- Film poster
- Directed by: Jean-Michel Roux
- Written by: Jean-Michel Roux
- Produced by: Marc Baschet Mathieu Bompoint Frédérique Dumas-Zajdela
- Cinematography: Jean-Louis Vialard
- Edited by: Joseph Licidé
- Music by: Biosphere Hector Zazou
- Production company: Noé Productions
- Distributed by: Mars Distribution
- Release date: 30 September 2002;
- Running time: 87 minutes
- Country: France
- Language: Icelandic

= Investigation into the Invisible World =

2002 film by Jean-Michel Roux

Investigation into the Invisible World (Enquête sur le monde invisible) is a 2002 French documentary film directed by Jean-Michel Roux. The film surveys the belief in paranormal phenomena among the population of Iceland.

==Summary==
Several Icelanders are interviewed and say they used to play with elves as children. Mediums sometimes contact the Icelandic Road Administration when a planned road crosses a known elf site, and the agency takes measures to not cause problems for the elves. The seismologist Ragnar Stefánsson argues that the elf phenomenon can be understood as a way to cope with Iceland's geology and volcanic activity. The neopagan leader Jörmundur Ingi Hansen explains it from a pagan cosmological viewpoint; he says the term huldufólk—hidden people—emerged as a euphemism because the word "elves" has a stronger religious connotation. Iceland's former president Vigdís Finnbogadóttir says she thinks the belief in elves and ghosts is strong in Iceland because Catholicism never was particularly strong.

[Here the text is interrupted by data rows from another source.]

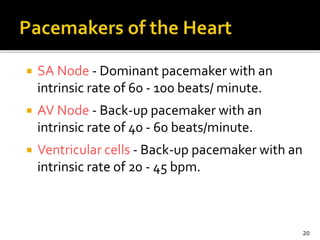  SA Node - Dominant pacemaker with an
intrinsic rate of 60 - 100 beats/ minute.
 AV Node - Back-up pacemaker with an
intrinsic rate of 40 - 60 beats/minute.
 Ventricular cells - Back-up pacemaker with an
intrinsic rate of 20 - 45 bpm.
20
 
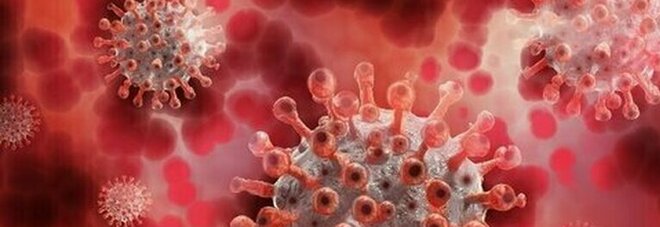 Anticorpo contro tutti i coronavirus: limita le infezioni, anche quelle del Covid
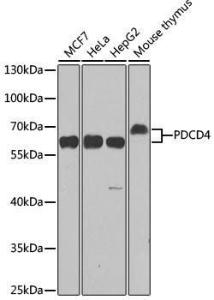 Anti-PDCD4 Rabbit Polyclonal Antibody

Several people say they have seen a monstrous sea serpent off the Icelandic coast. These sightings are conventionally explained as hallucinations rather than spirits or unknown animals. The film director Friðrik Þór Friðriksson and several others talk about their personal sightings of UFOs and encounters with what they believe were extraterrestrial beings.

Icelanders tell stories about their encounters with ghosts. The manager of Hótel Borg in Reykjavík contacts a medium after unusual activities and is told there are many ghosts at the hotel. Mediums and a priest talk about their experiences and conceptions of angels. Scientists and clairvoyants lay out their theories about paranormal experiences. Healers talk about their practices. Participants in the film talk about the future; they hope their practices will be unified with science and more people will have access to their abilities.

==Reception==
The film was released in French cinemas on 30 September 2002. It was shown at international film festivals from 2002 to 2004, including the 38th Karlovy Vary International Film Festival, 2003 Toronto International Film Festival and 2004 Sundance Film Festival.

Le Mondes Jacques Mandelbaum thought the film was a missed opportunity, because it does not explore the possibilities of cinema beyond putting interviews to music. Bruno Icher of Libération wrote that the film exhibits the director's appreciation for "the paganistic charm of Iceland" and creates an impression of moving between fiction and investigation; the critic called it a "throbbing and delirious lullaby where discerning the true from the false does not have the slightest importance". Eddie Cockrell of Variety wrote that the film is made with "a breathtaking bag of technical tricks", calling it "hugely entertaining" and a "nature documentary as otherworldly thriller".